Georgina Davidson was born in Wick, the daughter of John Davison, a fish processor, and Maggie Russell. In about 1910, Georgina moved to Edinburgh to take up a post as a schoolteacher. At her local church she met Malcolm MacKinnon and the two married in 1915, later having two children.
Malcolm MacKinnon had moved to Edinburgh from Skye in 1900 and worked for a distillery company. In 1909 he began producing commercial quantities of a traditional MacKinnon liqueur called "Drambuie". The story goes that during the flight of Bonnie Prince Charlie in 1746, he was helped by a Captain John MacKinnon. In return, the Prince gave MacKinnon the recipe of his personal liqueur. After being made by the MacKinnons on Skye for their personal consumption for over a century, the drink went public in the Broadford Inn (now the Broadford Hotel) in the 1870s, and the name Drambuie was registered as a trademark in 1893. The name, incidentally, comes either from an dram buidhe meaning "the yellow drink" or an dram buidheach meaning "the drink that satisfies". Which translation you prefer depends on whether you are swayed more by the very literal way in which things were very commonly named after their colours in Gaelic, or by the desire to market a brand!

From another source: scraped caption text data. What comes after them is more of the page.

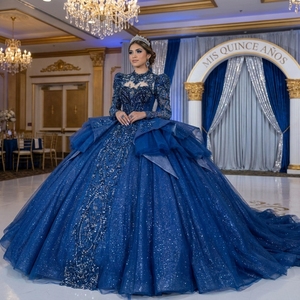 Xs321 Vestido de Gala Moderno y Elegante Azul Marino con Lentejuelas, Escote Corazón, Manga Larga, Lazo de Mariposa con Cristales Plateados, Largo hasta el Suelo - Product Image 1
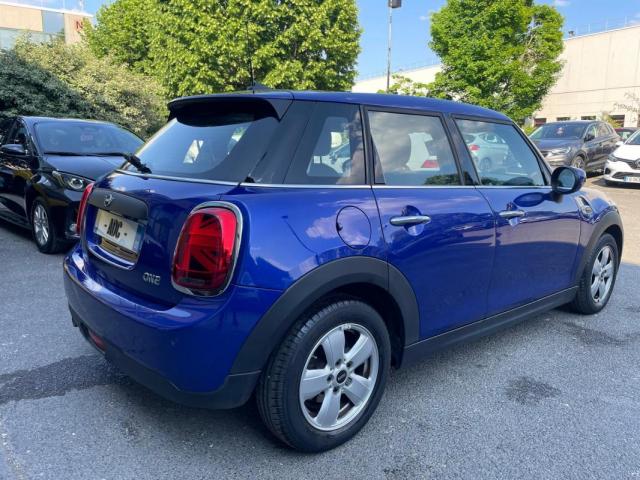 Mini Clubman image 7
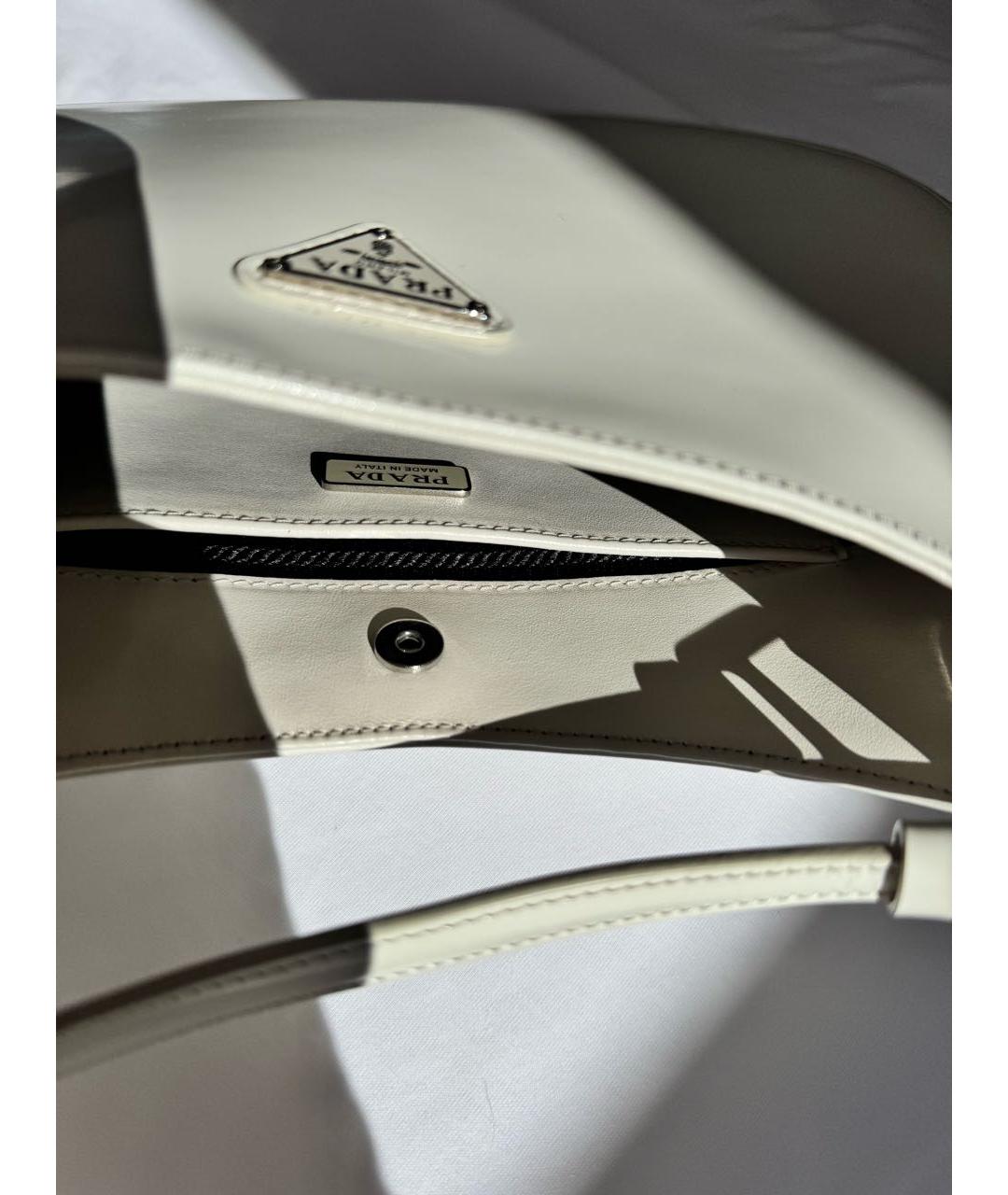PRADA Белая сумка через плечо из лакированной кожи, фото 4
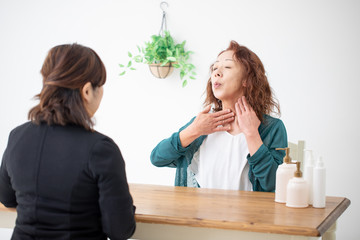 カウンセリングを受けるする中高年の女性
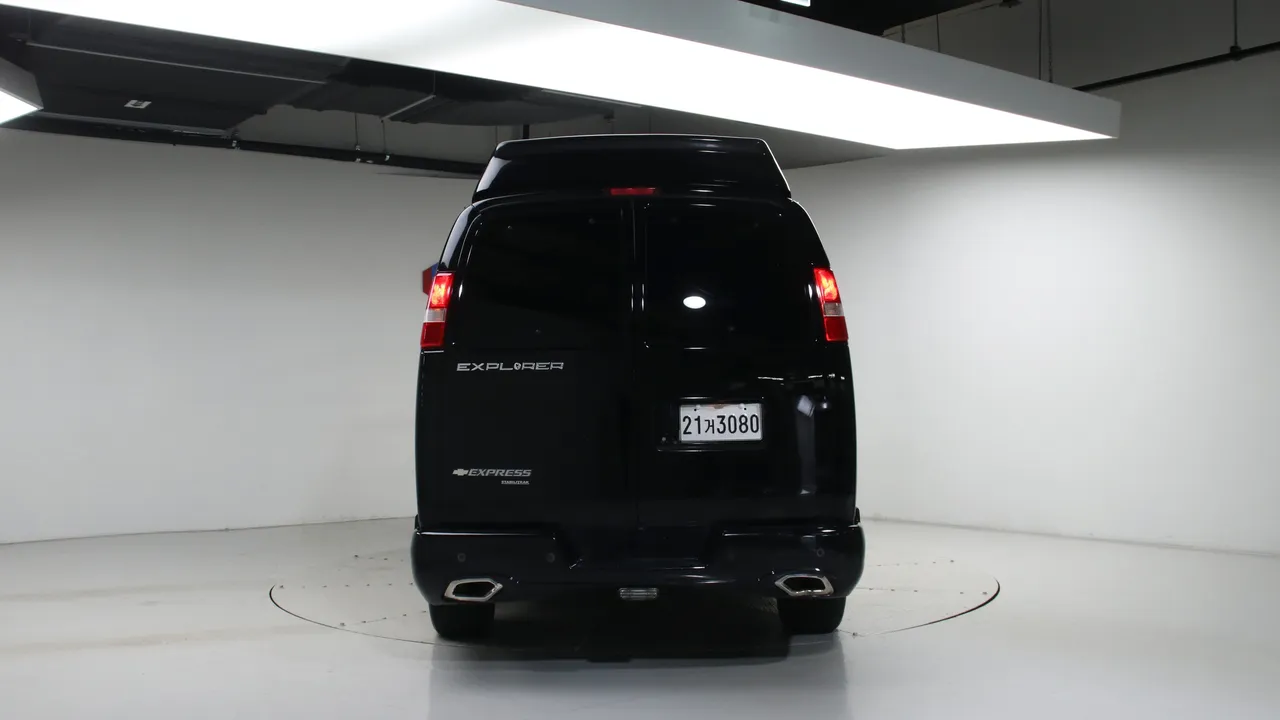 Chevrolet Express — miniaturë 4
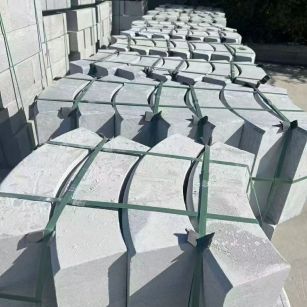 资阳 芝麻灰弧形路沿石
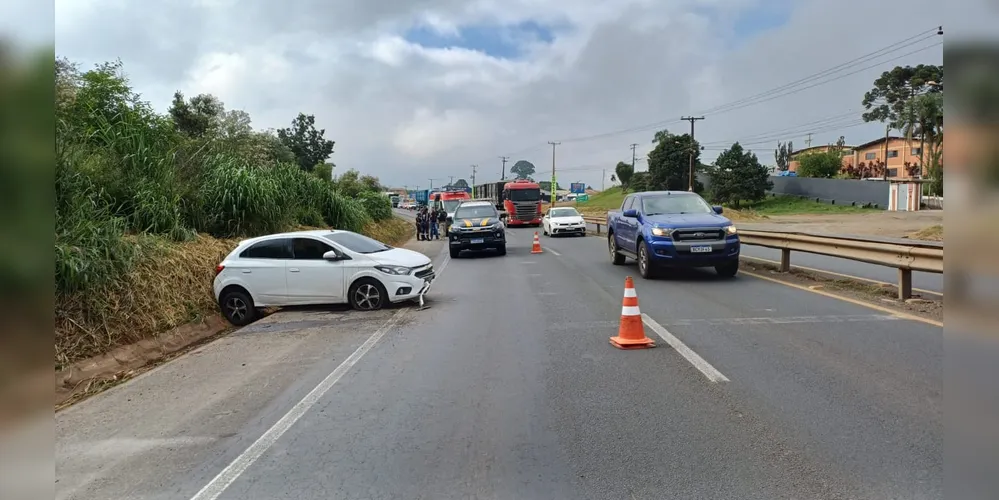 Na imagem, carros circulam pela esquerda enquanto o atendimento ocorre pela pista da direita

Malcolm's 1909 production of Drambuie introduced the liqueur to a much wider market and in 1914 he launched the Drambuie Liqueur Company. When Malcolm MacKinnon died in 1945, Georgina became chairwoman of the company. The dramatic growth in the popularity of Drambuie in the 1950s and 1960s owes much to her business acumen and her globetrotting, often accompanied by her own bagpipers. She also successfully created an aura of mystery around the drink, starting the tradition that the recipe was a secret known only to a single female member of the family. Georgina passed on the recipe to her daughter-in-law when she retired to become a cattle breeder near Linlithgow. She was awarded an OBE in 1964.